▶ [WHAT YOU SHOULD DO] Where a line contains "Luz Disco Mini", start there and write out that line and each one after it, word for word, through the final line of the entries; add nothing else.

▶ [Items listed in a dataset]
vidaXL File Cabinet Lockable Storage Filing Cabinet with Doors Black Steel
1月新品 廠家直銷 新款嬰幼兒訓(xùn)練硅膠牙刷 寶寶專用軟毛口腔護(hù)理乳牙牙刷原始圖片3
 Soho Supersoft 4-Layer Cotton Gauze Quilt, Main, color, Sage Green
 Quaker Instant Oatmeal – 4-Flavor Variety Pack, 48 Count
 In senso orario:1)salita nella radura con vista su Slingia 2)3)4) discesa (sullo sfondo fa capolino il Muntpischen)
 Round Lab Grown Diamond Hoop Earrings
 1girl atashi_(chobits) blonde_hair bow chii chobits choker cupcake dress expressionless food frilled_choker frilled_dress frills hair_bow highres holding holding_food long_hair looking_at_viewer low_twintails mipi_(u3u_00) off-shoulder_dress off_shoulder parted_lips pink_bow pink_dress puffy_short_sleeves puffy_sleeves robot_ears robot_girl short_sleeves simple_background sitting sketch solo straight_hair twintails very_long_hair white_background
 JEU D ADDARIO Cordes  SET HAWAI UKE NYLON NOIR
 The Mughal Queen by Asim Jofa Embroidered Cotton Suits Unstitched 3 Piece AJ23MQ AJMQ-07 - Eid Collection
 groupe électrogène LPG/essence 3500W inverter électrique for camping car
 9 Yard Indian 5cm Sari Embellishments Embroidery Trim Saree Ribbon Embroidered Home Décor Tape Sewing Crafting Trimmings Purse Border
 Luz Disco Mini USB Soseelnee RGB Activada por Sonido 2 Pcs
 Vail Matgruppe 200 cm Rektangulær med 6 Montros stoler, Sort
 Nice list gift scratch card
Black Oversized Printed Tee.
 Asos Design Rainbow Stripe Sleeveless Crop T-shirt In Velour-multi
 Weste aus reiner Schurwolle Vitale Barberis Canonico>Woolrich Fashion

▶ [EXPECTED OUTPUT]
 Luz Disco Mini USB Soseelnee RGB Activada por Sonido 2 Pcs
 Vail Matgruppe 200 cm Rektangulær med 6 Montros stoler, Sort
 Nice list gift scratch card
Black Oversized Printed Tee.
 Asos Design Rainbow Stripe Sleeveless Crop T-shirt In Velour-multi
 Weste aus reiner Schurwolle Vitale Barberis Canonico>Woolrich Fashion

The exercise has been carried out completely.